WHAT YOU HAVE TO DO ::
Please give the lines below again exactly as they stand, from the one that contains "The image features" up to and including the one that contains "A rooftop pool", leaving all pictures out.

SUPPLIED MATERIAL ::

☆ ☆ ☆ ☆ ☆ ☆ ☆

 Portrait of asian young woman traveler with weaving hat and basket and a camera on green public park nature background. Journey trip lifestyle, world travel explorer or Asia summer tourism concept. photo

☆ ☆ ☆ ☆ ☆ ☆ ☆

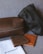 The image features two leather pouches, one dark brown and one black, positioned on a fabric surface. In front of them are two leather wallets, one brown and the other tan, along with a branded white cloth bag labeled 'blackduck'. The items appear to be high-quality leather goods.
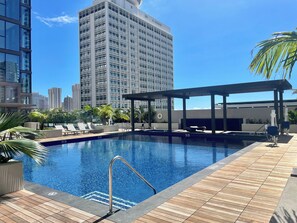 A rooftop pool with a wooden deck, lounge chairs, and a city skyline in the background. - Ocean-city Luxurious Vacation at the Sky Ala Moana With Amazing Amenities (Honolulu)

☆ ☆ ☆ ☆ ☆ ☆ ☆

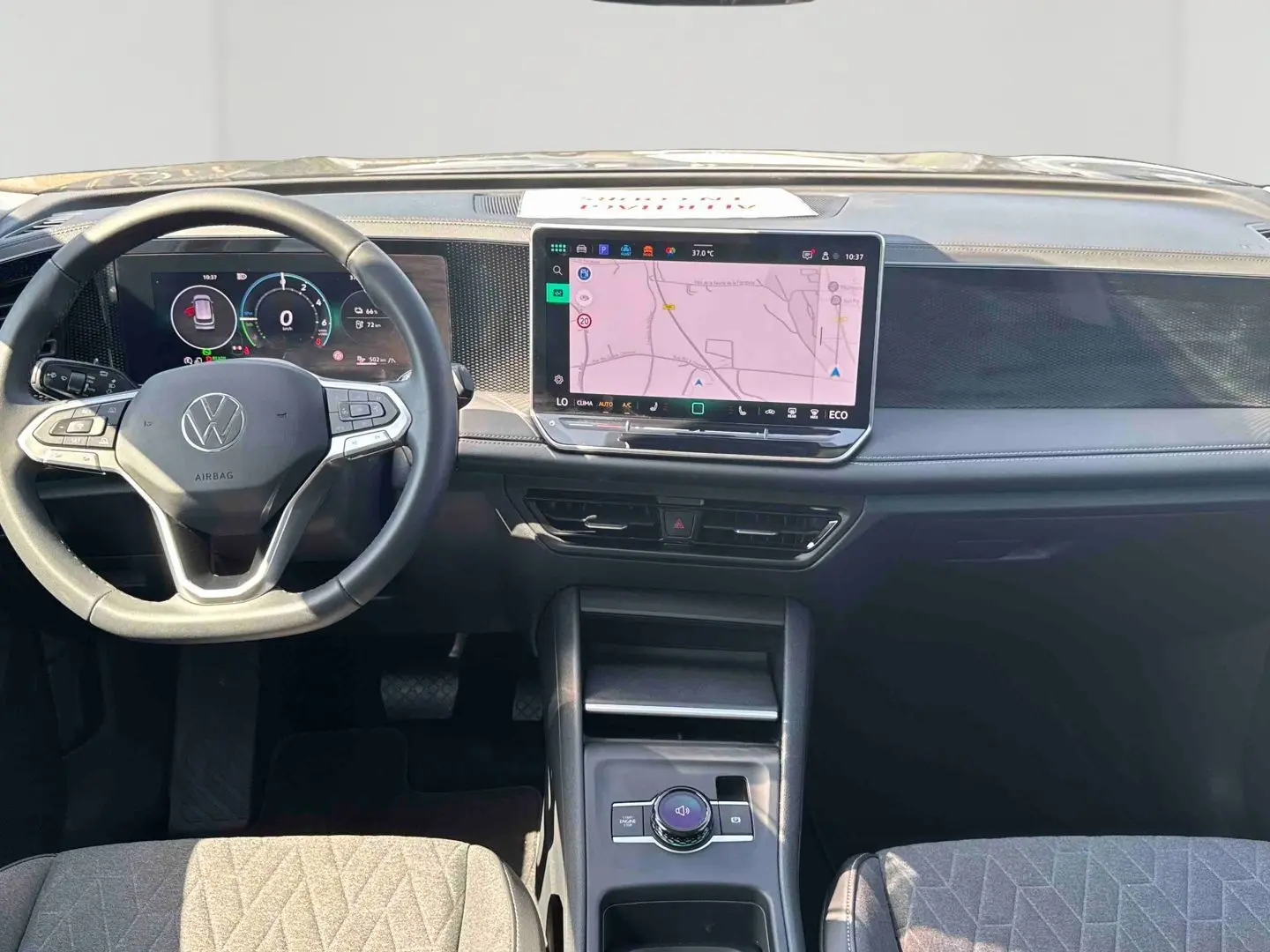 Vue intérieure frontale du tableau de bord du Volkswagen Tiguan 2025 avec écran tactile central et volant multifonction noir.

☆ ☆ ☆ ☆ ☆ ☆ ☆

RESPONSE TO THE TASK ::
 The image features two leather pouches, one dark brown and one black, positioned on a fabric surface. In front of them are two leather wallets, one brown and the other tan, along with a branded white cloth bag labeled 'blackduck'. The items appear to be high-quality leather goods.
 A rooftop pool with a wooden deck, lounge chairs, and a city skyline in the background. - Ocean-city Luxurious Vacation at the Sky Ala Moana With Amazing Amenities (Honolulu)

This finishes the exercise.